What to produce ->
Where the line containing "Седан Tesla Model 3 2023 в Киеве фото" appears in the entries below, start there and print only that line and every line after it, exactly, through the end, excluding pictures.

Data excerpts ->
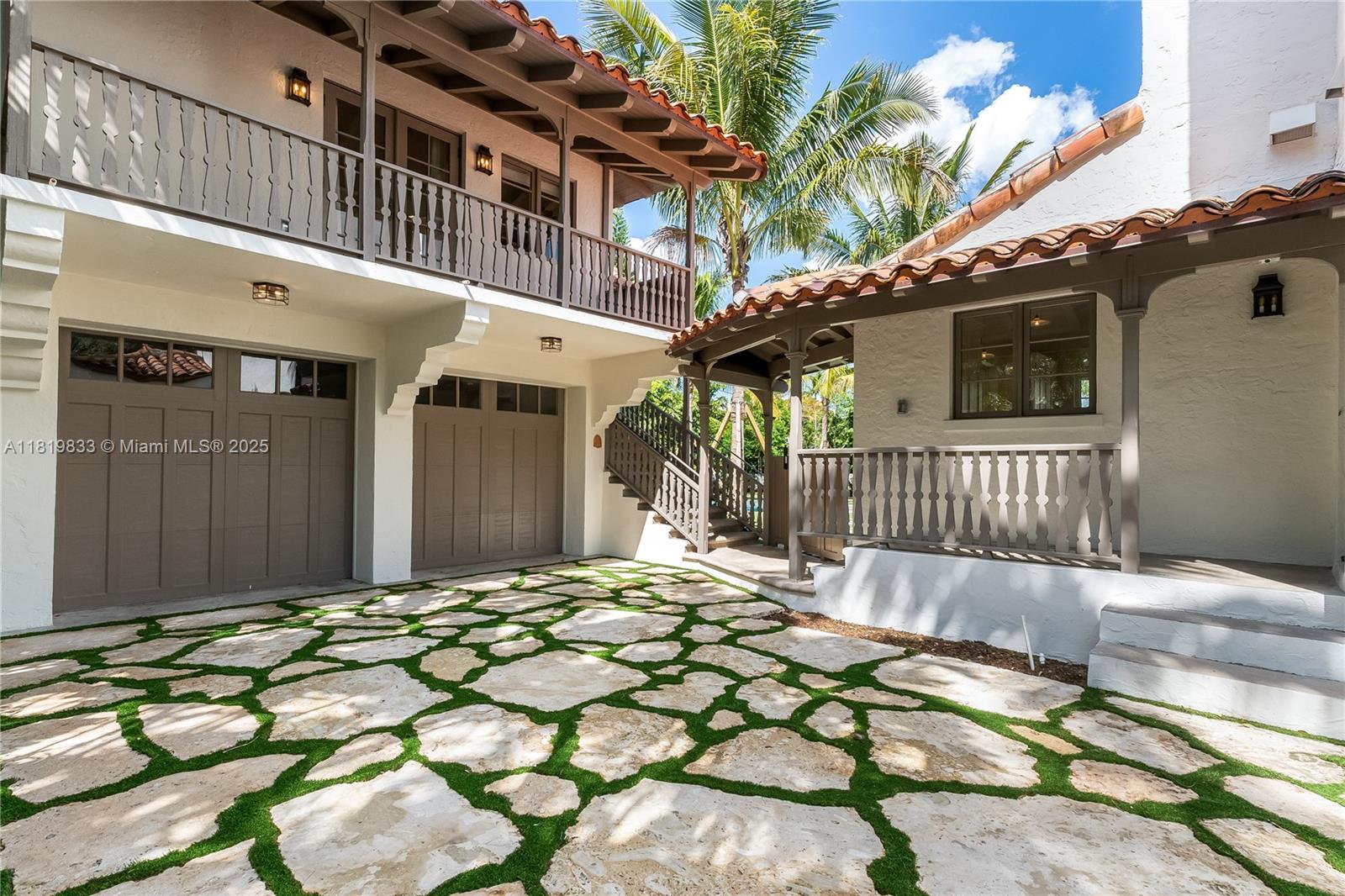 1225 N Greenway Dr, Coral Gables, Florida image 28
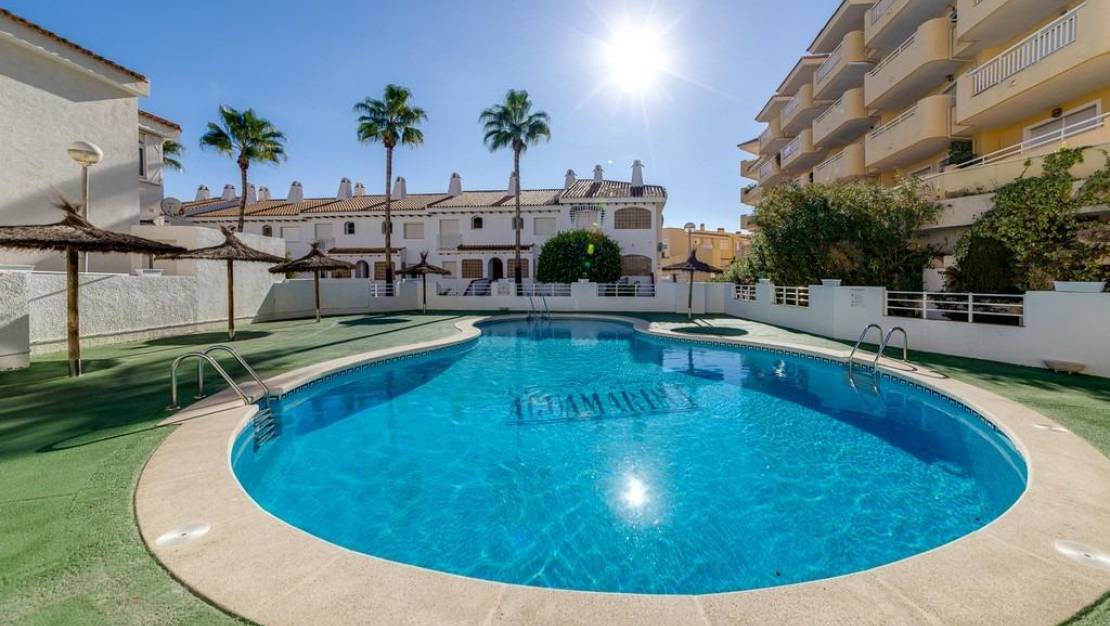 Sale - Apartment - Orihuela Costa - Campoamor
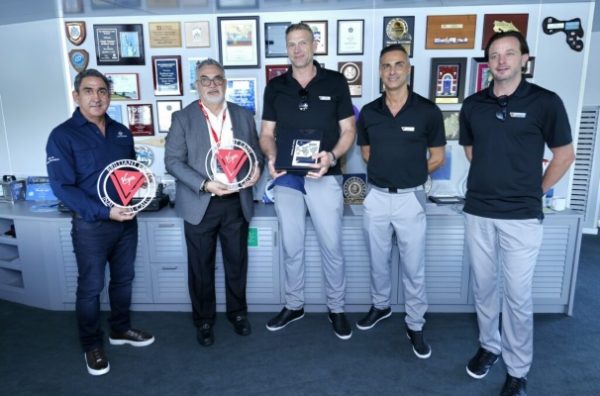 Brilliant Lady pasa por primera vez por el Canal de Panamá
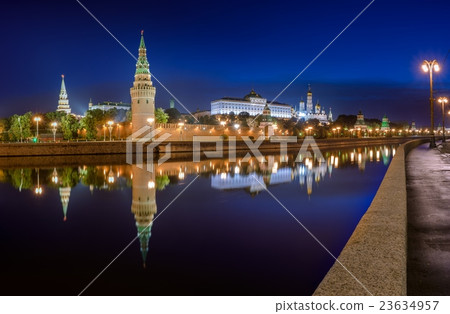 Panorama at night Kremlin in Moscow 23634957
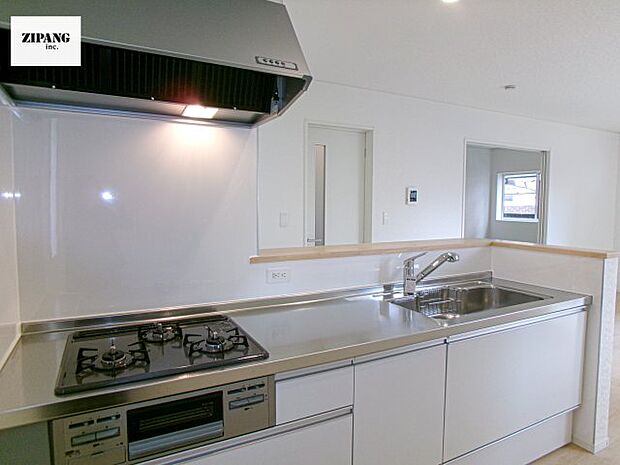 【キッチン】【キッチン】お子さまや家族と距離感近く料理が可能な対面式のシステムキッチンです。3口コンロのキッチンでお料理のレパートリーが増えそうです♪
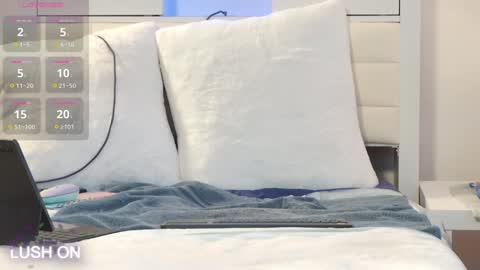 WetPussyAsian online show from December 7, 5:09 pm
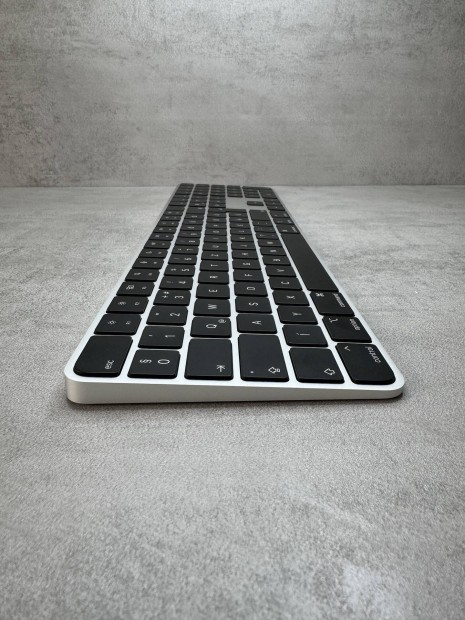 Apple Magic Keyboard 3. generci Black Touch ID + szmbillentyzet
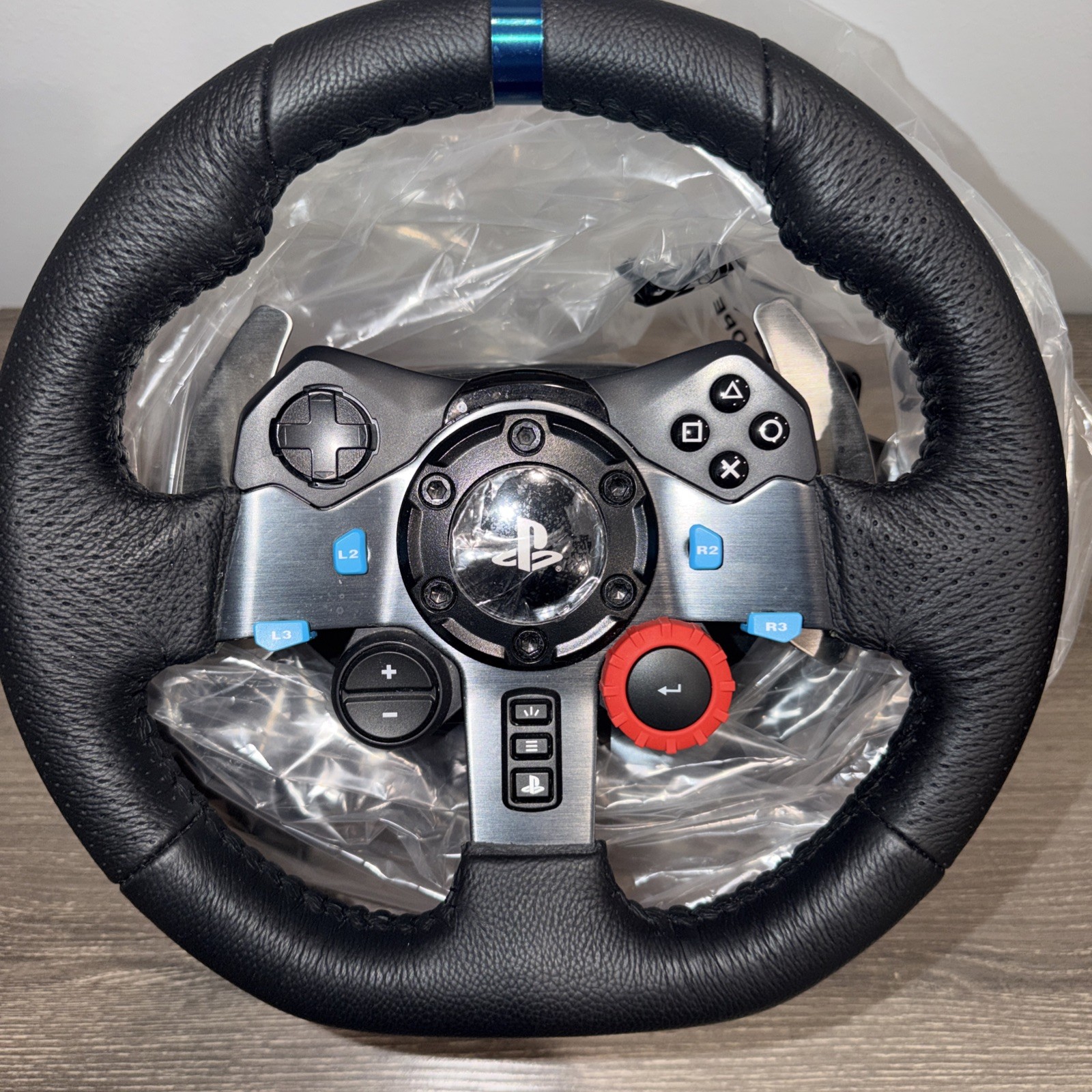 Logitech G 29 Driving Force Racing Wheel Preowned In Amazing Condition.
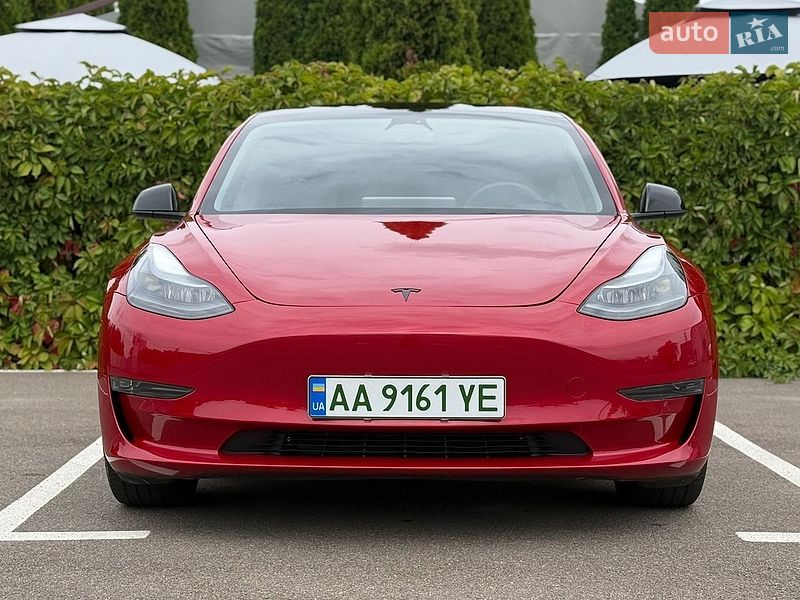 Седан Tesla Model 3 2023 в Киеве фото 5 Седан Tesla Model 3 2023 в Киеве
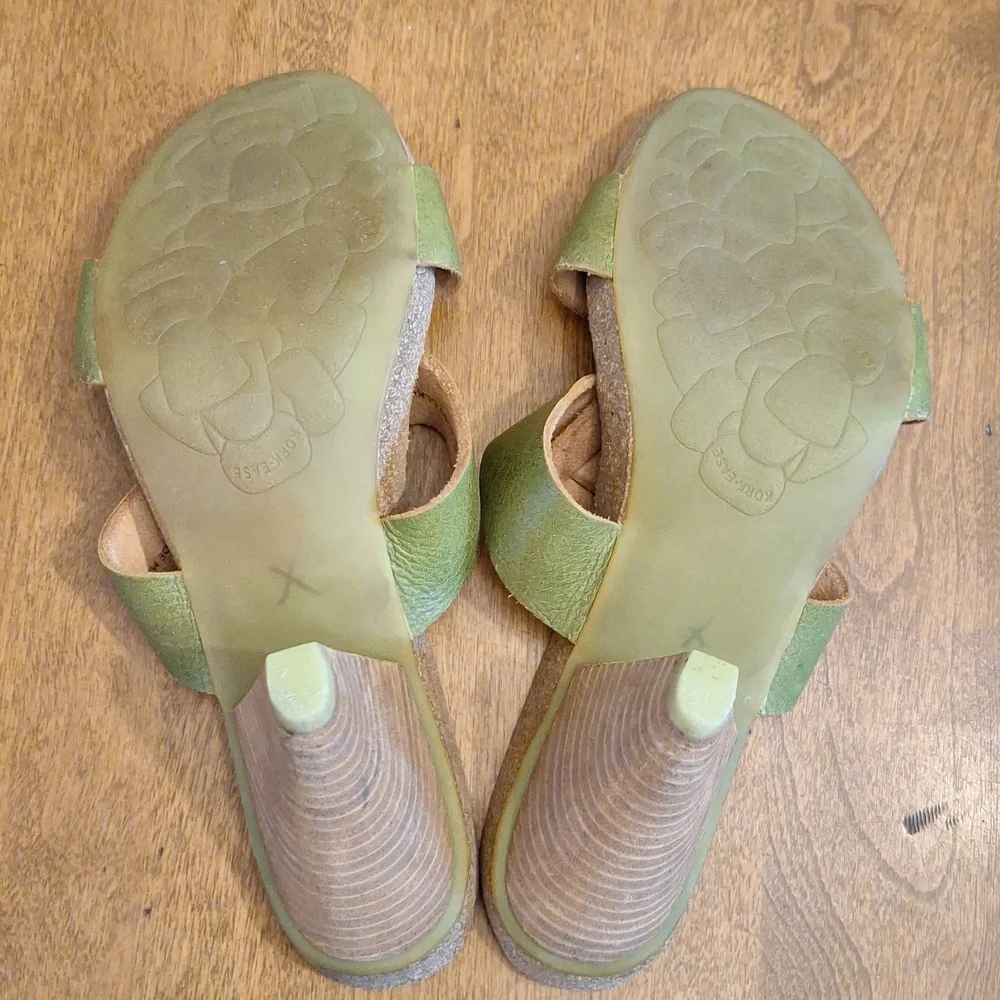Kork-Ease Green Leather Sandals - Picture 6 of 16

Task answer ->
 Седан Tesla Model 3 2023 в Киеве фото 5 Седан Tesla Model 3 2023 в Киеве
Kork-Ease Green Leather Sandals - Picture 6 of 16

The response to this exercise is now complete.